A.K.A. RESISTANCE, site-specific, 2012

In his installation Aka Resistance, Lek approaches the dilemma of silence in an evocative, auditory and tactile way. The floor of his space is covered with layers of plastic bubbles, which make small explosions when one walks across them; high on the wall, in a continuous row, are threatening spikes of the kind used to keep birds from settling on buildings. A suggestion of music is made in the mute photograph of the blind accordion player from Federico Fellini’s film Amarcord (1973) that is hung on the wall. Like a butterfly pinned on a board, here memory has been collected and transfixed in a disquieting, poetic vacuum. (Text by David Elliott, 2014)

TU KÙUR, film / site-specific, 2013

At Casa Masaccio (a Center of contemporary art in Tuscany), in an exhibition based on the Idea of projection (Proiezioni 2013), Gjeloshi decided to intervene in the space by screening a film by Béla Tarr Sátántangó (1994), that beyond a very strong apocalyptic vision has, also, a particular length of 7,5 hours. As the artist says ‘I tried place the schedule of this film in conflict with the daily time schedule of the exhibition that which did not allow the possibility for a complete vision of the film for the audience. As a consequence, the end, was always postponed, making the conclusion of a story, or more essentially the fulfillment of a destiny, impossible.’

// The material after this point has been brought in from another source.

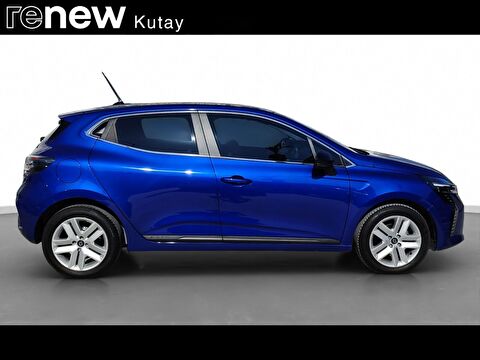 renault, clio, 1.0 tce evolution x-tronic, otomatik, benzin 2.el otomobil | renew 4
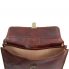 Briefcase Tuscany Leather TL10018 Parma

NOTTETEMPO, drawings, 2015 (in progress)

This ongoing series of drawings are made to bring back scenes from Béla Tarr’s films, in particular the scene of Werckmester Harmonies (2000). The drawings are entirely hand made by the artist with the touch of the fingers with the luminous surface of the screen, by memory. With this gesture, from time to time, something is added or taken away, arbitrarily, from the same film scene.

ABOUT THE ARTIST

Lek M. Gjeloshi (1987) was born in Shkodra in Albania. He completed his studies at the Fine Art Accademy in Florence (Italy) where he lives and works. In 2016 he made his first solo show at the Civic Gallery in Shkodra (AL) followed by another one in Villa Romana in Florence (IT).  Selected collective exhibitions include: “Nuovo Cinema Masaccio” (2014), “Fuori Posto” (2013), “Proiezioni 2013” e “Lontano da dove?” (2012) curated by Pier Luigi Tazzi, “A time for dreams” (2014) curated by David Elliott e “Terranauti” (2015) curated by Ilaria Mariotti and Angelika Stepken. In 2015 Gjeloshi was the winner of ‘Idromeno’ the national price for visual arts.